The Titan Mare Explorer would have been our first Martian experiment on a boat
With Curiosity just starting to move around, NASA has already announced its next mission. We're going back to Mars in 2016 with a lander designed to drill into the core and give scientists some insight into the planet's formation. Fittingly, the mission is called InSight. The main question on deck is why Mars evolved so differently from the other terrestrial planets, namely Earth. Unfortunately, InSight's selection has also stopped our pursuit of other interesting questions in our solar system.
InSight was selected as part of NASA's Discovery program that has been funding focused missions under a fixed budget since 1992. The idea is to send more missions more often without seeing cost overruns at every turn. That means Discovery missions aren't flagship missions like the Mars Science Laboratory rover Curiosity that just landed on the red planet a couple of weeks ago. For the time being, InSight is capped at just $425 million. This budget means smaller missions that typically focus on achieving one goal or answering one question.
In the case of InSight, the question is about Mars' interior structure and core – the things we can't see from orbit. These questions are interesting in the case of Mars precisely because of what we can see from orbit. NASA's Mars Reconnaissance Orbiter has seen landslides on Mars. These could be due to melting ice or earthquakes, or they could be due to a release of inorganically derived methane escaping from the planet's molten core. There's no way to conclusively explain these landslides without looking inside the planet.
To see inside Mars, InSight will use a sort of drill, a long probe that will vibrate its way a few meters into the soil. At the same time, a robotic arm will take a seismometer from the lander's platform and deposit it on the surface to make measurements.
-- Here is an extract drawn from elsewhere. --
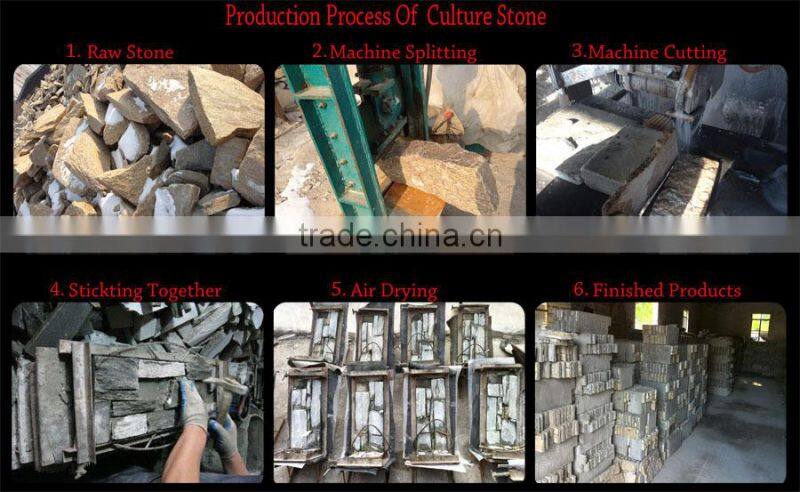 Hot Saled Gray Granite Exterior Natural Stone Wall Decoration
This will be the first seismic data since 1976; two seismometers on the twin Viking landers both failed to return good data. It will help scientists answer another pressing question about Mars: why doesn't the planet have the same plates tectonic that have shaped our own? Is Mars an active planet or completely dead?
This mission will go a long way in helping us understand the role geology has played in Mars past habitability. If, of course, it was a habitable planet in the past; chemical evidence of past habitability is Curiosity's main mission.
Our general fascination with Mars played a big part in InSight's selection, but it wasn't the only factor. InSight will reuse the basic lander structure and some hardware that was sent to Mars on the Phoenix mission. Using proven hardware helped the team keep costs within the strict budgetary limits, and it was exactly the risk of using unproven technology that gave InSight the edge over its competitors. InSight beat a comet hopper mission and a sailing probe on Saturn's moon Titan.
The comet hopper, called CHopper, is a dual purpose lander and orbiter probe. Had it been selected, it would have launched in 2015 and spent two and a half years flying to comet 46P/Wirtanen. Once there, it would have settled on the surface for a brief stay, then launched into orbit around the comet before settling on its surface again. It would have go on like this, hopping around the comet, throughout the mission. In orbit it would have mapped the surface and watched for changes in the comet's activity as it approaches perihelion at a distance just outside the Earth's orbit.
During its brief stays on the comet's surface, CHopper would used it's proposed imager and infrared spectrometer to map the shape and composition of the surface. Also on the proposed instrument list were panoramic cameras and a heating experiment.
The First Sea-Faring Spacecraft
The sailing probe, the Titan Mare Explorer or TiME, was, well, a proposal for a probe to set sail on the methane seas on an outer moon. Do I need to explain how amazing a mission this would have been? I'm biased; I love Titan and have been hooping to see this mission fly for a while.
Titan is an interesting destination not because it's thought to hold life but because its methane rich environment has a lot of the chemicals that were abundant on the early Earth when life formed. It's a trait that has led some scientists to label the moon a pre-biotic world. The big question on Titan is about these chemicals and the vast oceans of frozen water – surface temperatures on Titan are in the -290ºF range. Could the chemical processes leading to life get started in this environment or is it just too cold? Another big question is about the moon's methane cycle. It's similar to Earth's water cycle, and studying how it plays out on another planet could teach us a lot about our own.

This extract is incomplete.